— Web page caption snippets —
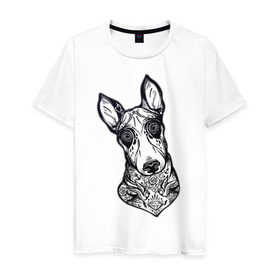 Мужская футболка хлопок с принтом Бультерьер _2 в Курске, 100% хлопок | прямой крой, круглый вырез горловины, длина до линии бедер, слегка спущенное плечо. | домашние животные | пес | собака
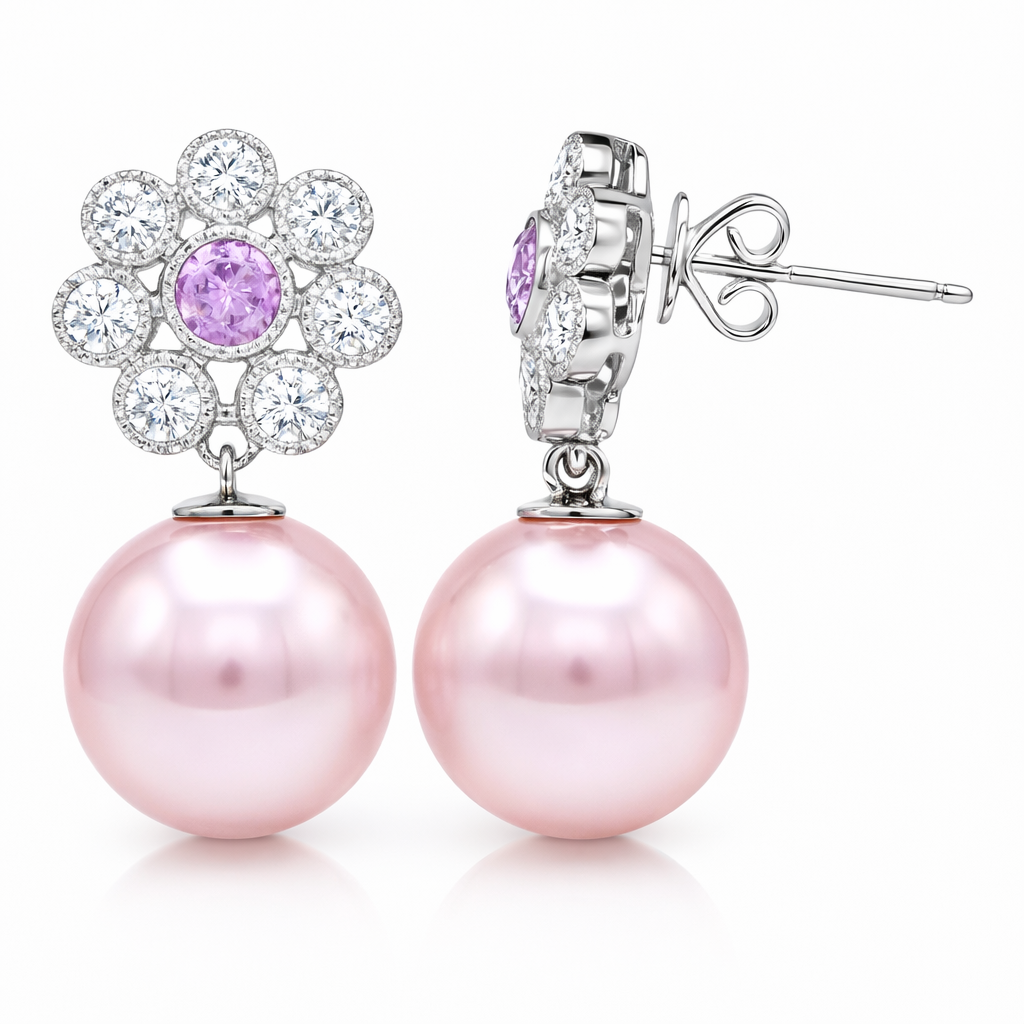14K White Gold Freshwater Pearl Earrings, 10-11mm, 0.4ct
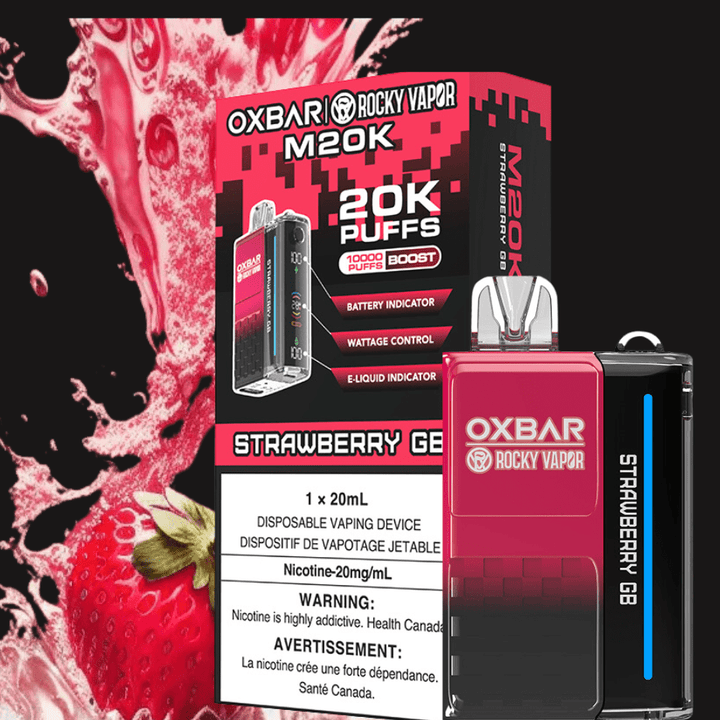 OXBAR M20K Disposable Vape - Strawberry GB 20mg / 20000 Puffs Winkler Vape SuperStore and Bong Shop Manitoba Canada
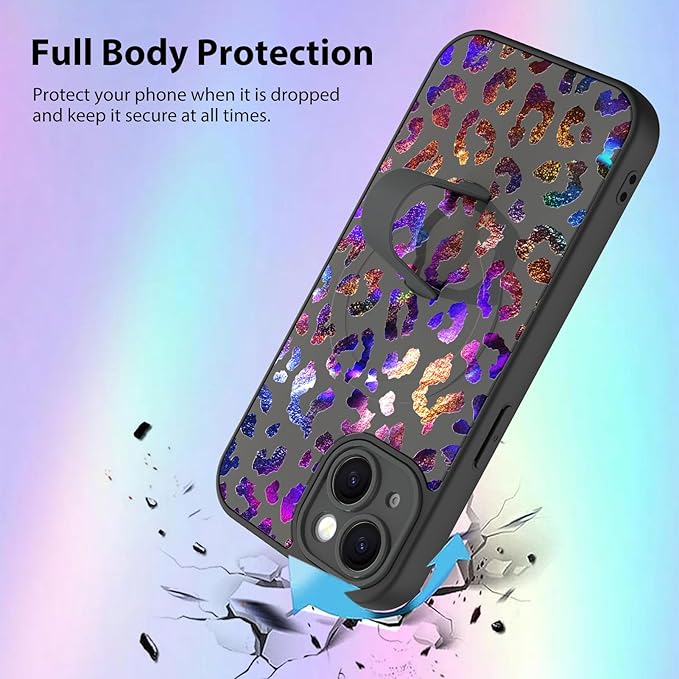 KANGHAR Compatible with iPhone 15 Case, Support for MagSafe, Silicone Cute Iridescent Leopard Cheetah Pattern, Wristband Kickstand Shockproof Protective Slim Cover for Women Girls, Black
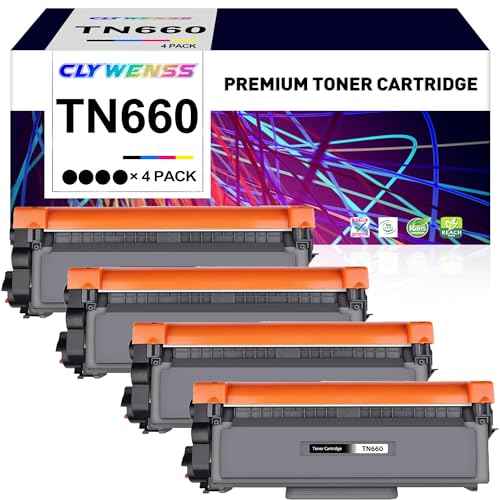 Compatible Toner Cartridge Replacement for Brother TN660 TN-660 TN630 High Yield for HL-L2300D HL-L2380DW HL-L2320D HL-L2340DW MFC-L2720DW MFC-L2680W DCP-L2540DW Printer (Black, 4-Pack)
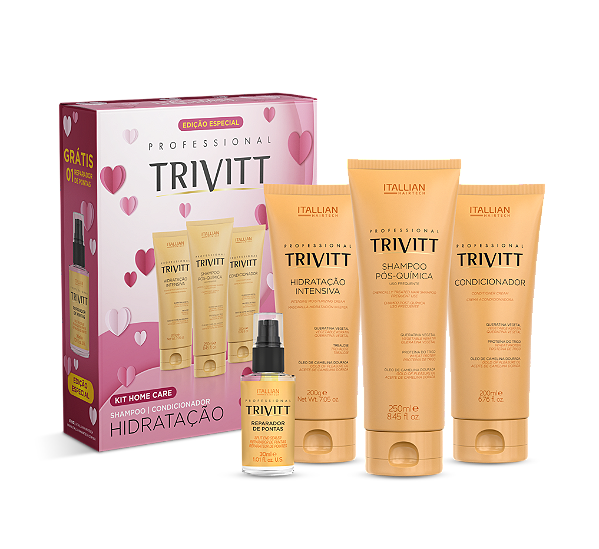 Kit Home Care Hidratação Intensiva Trivitt - Ganhe um Reparador de Pontas Ediçao Especial Limitada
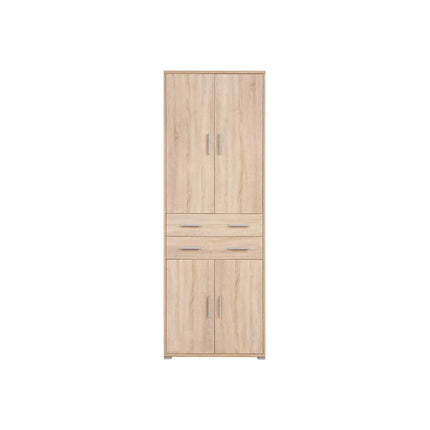 Dulap OFFICE, stejar sonoma, PAL laminat, cu 4 usi si 2 sertare, 79x35x221 cm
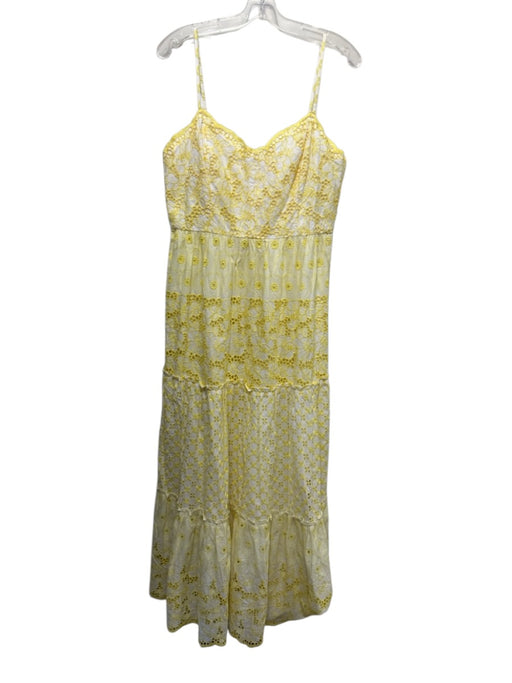 Lilly Pulitzer Size 12 Yellow & White Cotton Spaghetti Strap Tiered Maxi Dress Yellow & White / 12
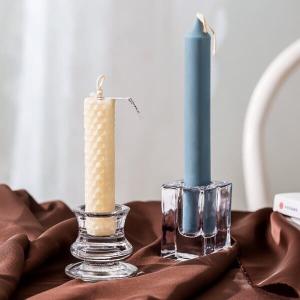 China 2 Inch Small Clear Glass Taper Candle Holders Lead Free Customized wholesale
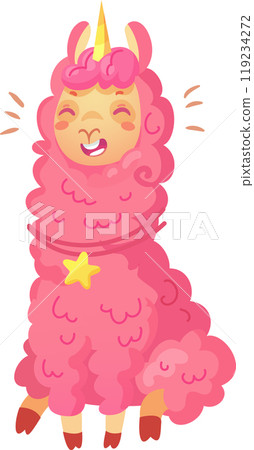 A joyful pink llama with a unicorn horn beams with happiness adorned with a star showcasing a playful and whimsical cartoon style in vibrant colors A joyful pink llama with a unicorn horn beams with happiness adorned with a star showcasing a playful and whimsical cartoon style in vibrant colors 119234272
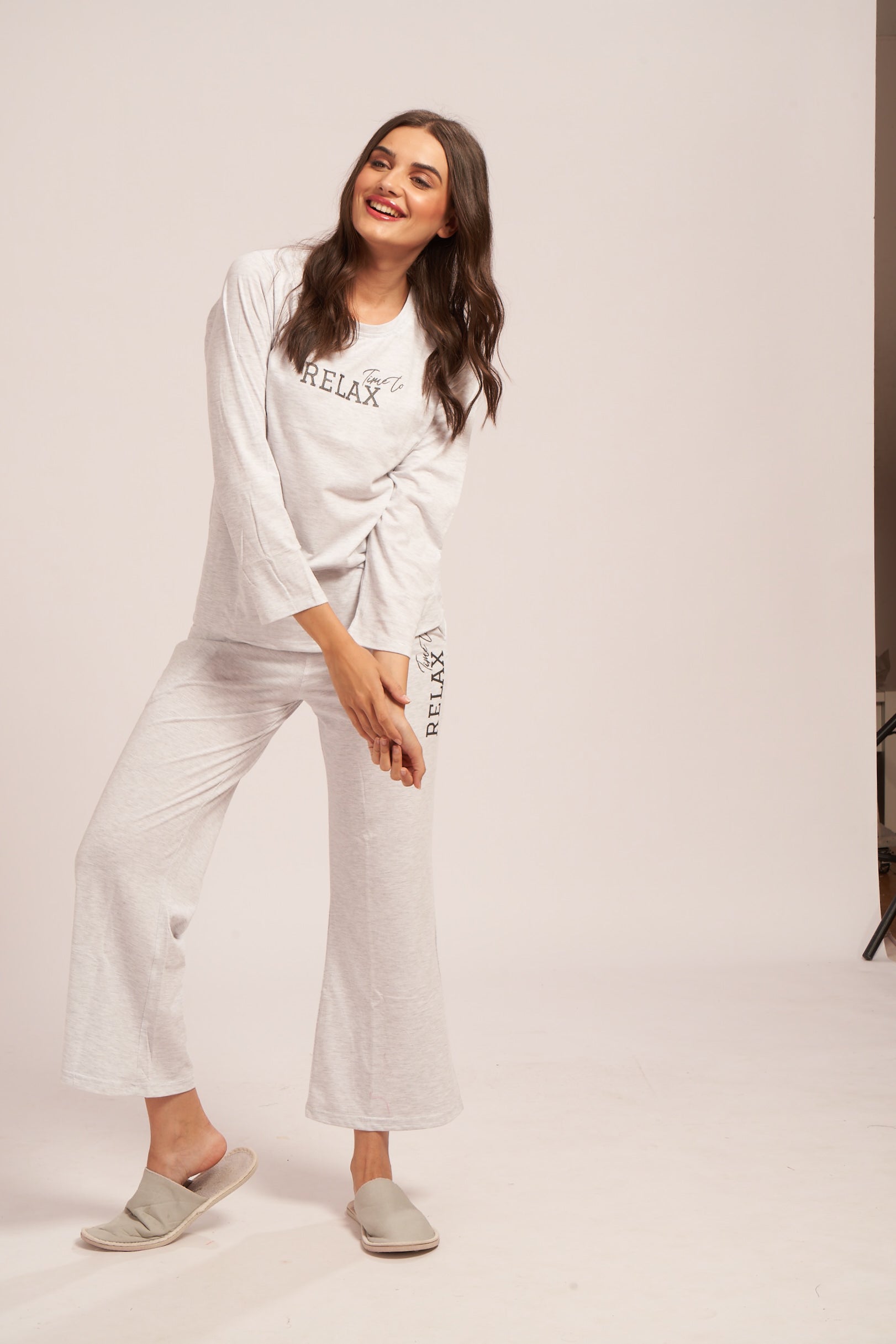 AV2 Women's Cotton Typography Printed Night Suit Set With Wide Legs | Pajama Set | Casual Night Dress for Women | Airport Look Coord Set White Small 2843A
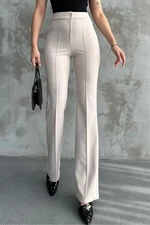 80272 Dewbery High Waist Slim Fit Wide Leg Pants-CREAM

— EXERCISE —
From the line containing "AV2 Women's Cotton" to the final line above, both included, transcribe every line exactly and leave all pictures out.

— SOLVED PROBLEM —
 AV2 Women's Cotton Typography Printed Night Suit Set With Wide Legs | Pajama Set | Casual Night Dress for Women | Airport Look Coord Set White Small 2843A
 80272 Dewbery High Waist Slim Fit Wide Leg Pants-CREAM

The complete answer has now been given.